Dataset records:
______________________________
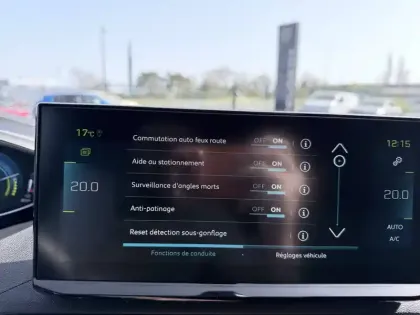 Photo 22 Peugeot 3008  Hybrid 225 e-EAT8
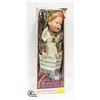 Image 1 : VINTAGE CENTURY COLLECTION PORCELAIN DOLL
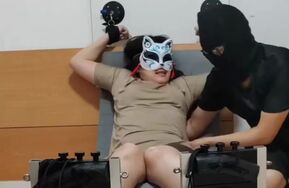 约现实录12--大脚怕痒足枷折磨（在线播）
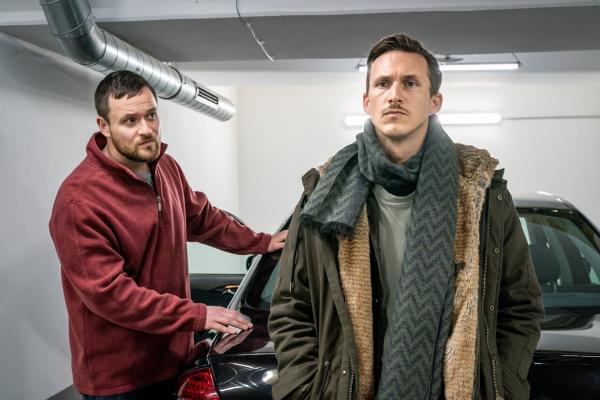 Bild 1 von 6: Moritz Brenner (Johannes Hendrik Langer, r.) versperrt dem Securitymann Renè Makowski (Lorris André Blaszejewski, l.) den Weg, als er aus der Tiefgarage mit seinem Auto wegfahren will. Moritz will von ihm wissen, wie sein Verhältnis zu der Toten war.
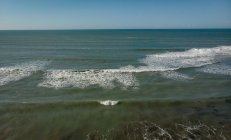 Vista do belo oceano em um dia ensolarado — Fotografia de Stock
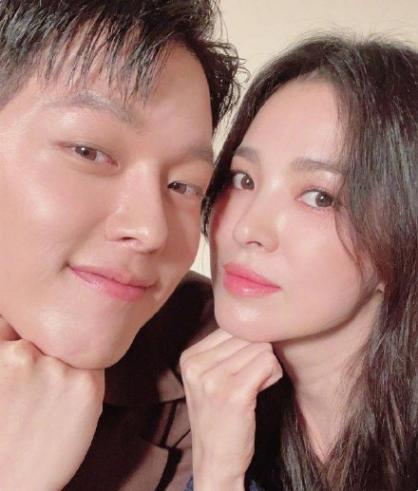 医美|圈内「素颜天花板」颜值大翻车，无数网友血书求她去做医美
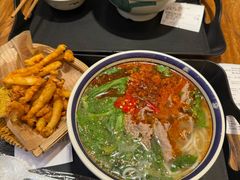 -云阿蛮云南生烫牛肉米线(奉贤路店)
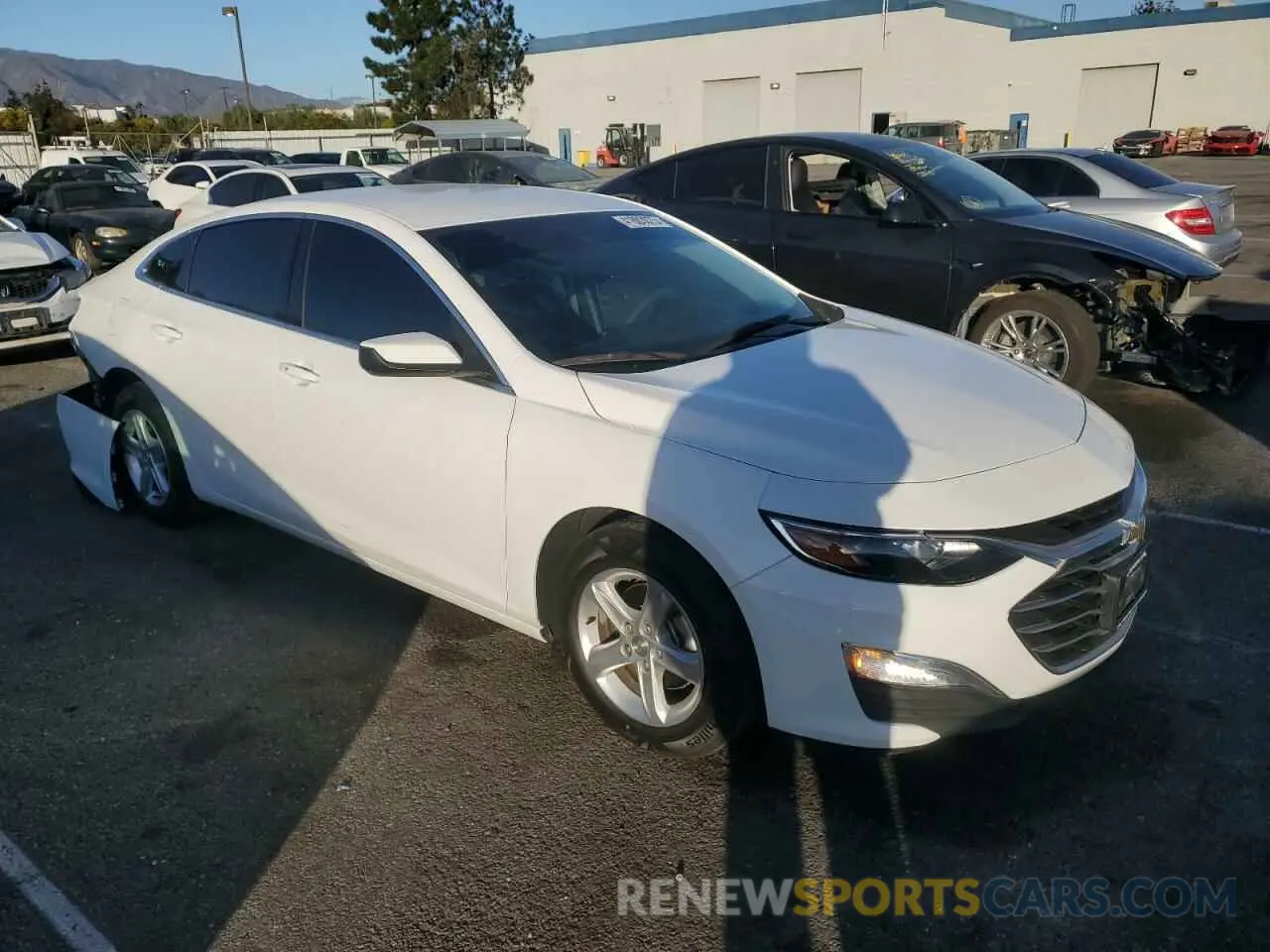 4 Фотография поврежденного автомобиля 1G1ZC5ST0LF148873 CHEVROLET MALIBU 2020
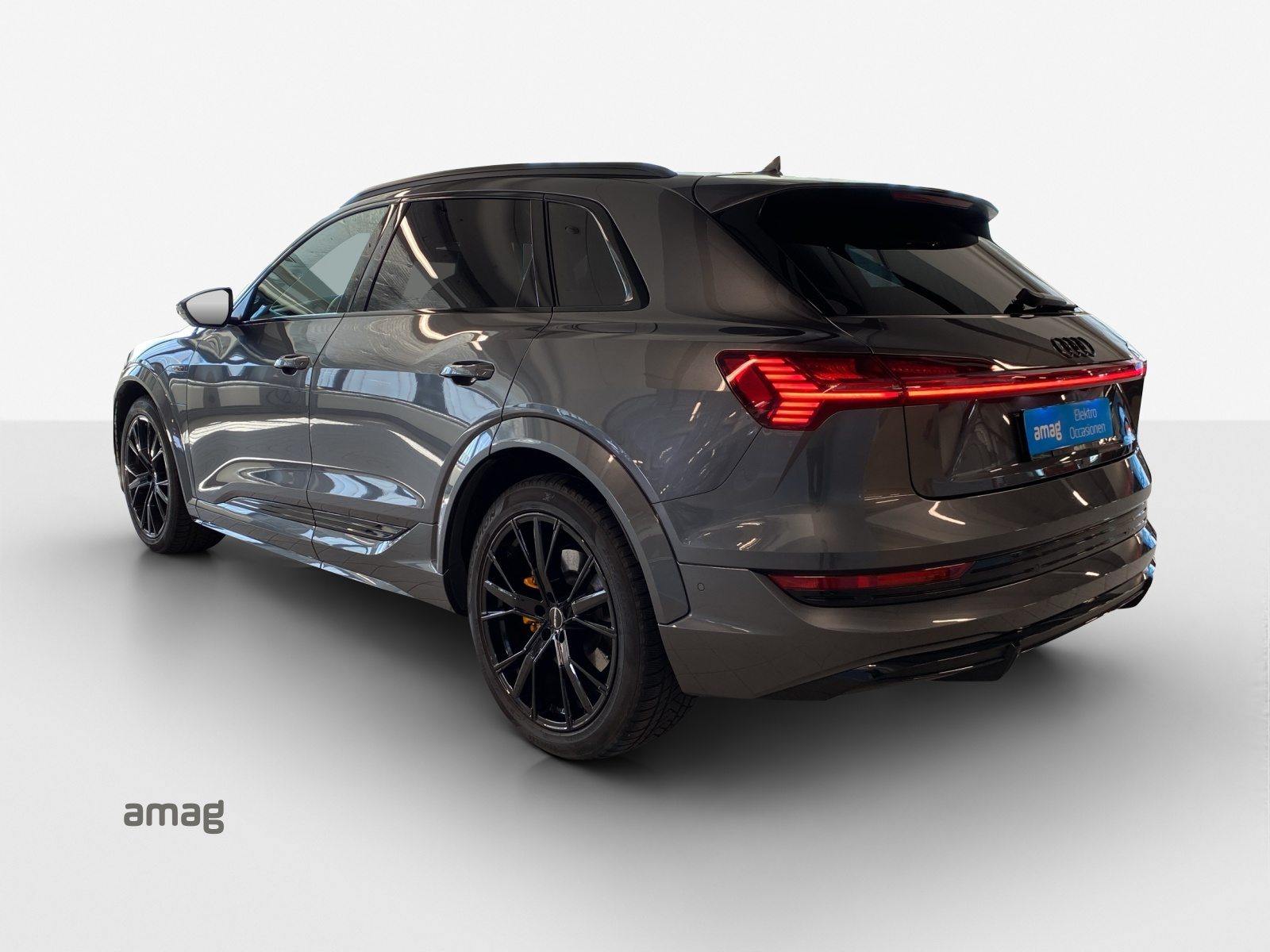 AUDI e-tron S quattro, Electric, Second hand / Used, Automatic - 4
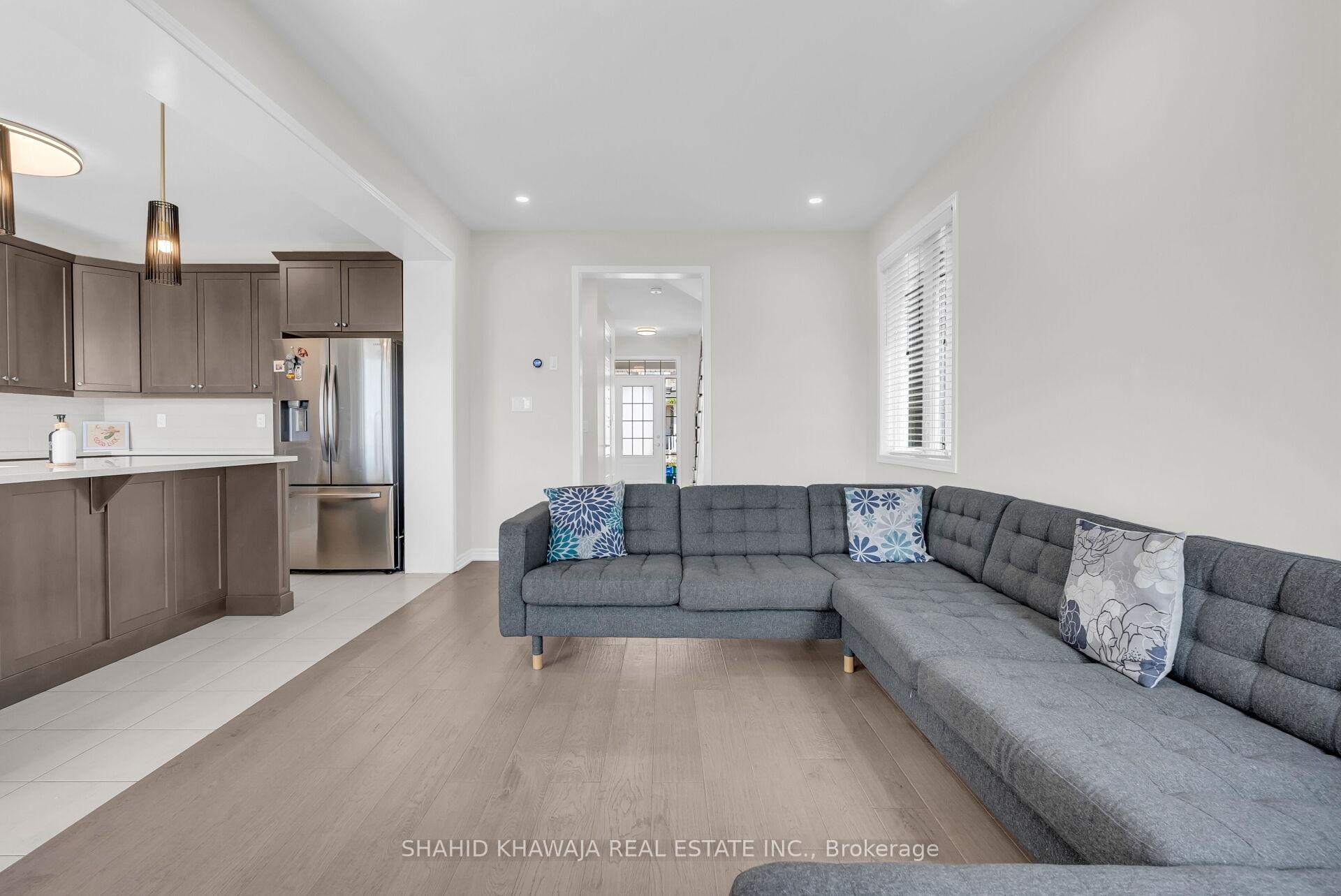 Photo 8 of 143 Yates Drive, Milton, Cobban — HOMEH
______________________________
Work to complete: Please retype the data exactly as it appears, but without any of its pictures.

Answer to this task:
 Photo 22 Peugeot 3008  Hybrid 225 e-EAT8
 Image 1 : VINTAGE CENTURY COLLECTION PORCELAIN DOLL
 约现实录12--大脚怕痒足枷折磨（在线播）
 Bild 1 von 6: Moritz Brenner (Johannes Hendrik Langer, r.) versperrt dem Securitymann Renè Makowski (Lorris André Blaszejewski, l.) den Weg, als er aus der Tiefgarage mit seinem Auto wegfahren will. Moritz will von ihm wissen, wie sein Verhältnis zu der Toten war.
 Vista do belo oceano em um dia ensolarado — Fotografia de Stock
 医美|圈内「素颜天花板」颜值大翻车，无数网友血书求她去做医美
 -云阿蛮云南生烫牛肉米线(奉贤路店)
 4 Фотография поврежденного автомобиля 1G1ZC5ST0LF148873 CHEVROLET MALIBU 2020
 AUDI e-tron S quattro, Electric, Second hand / Used, Automatic - 4
 Photo 8 of 143 Yates Drive, Milton, Cobban — HOMEH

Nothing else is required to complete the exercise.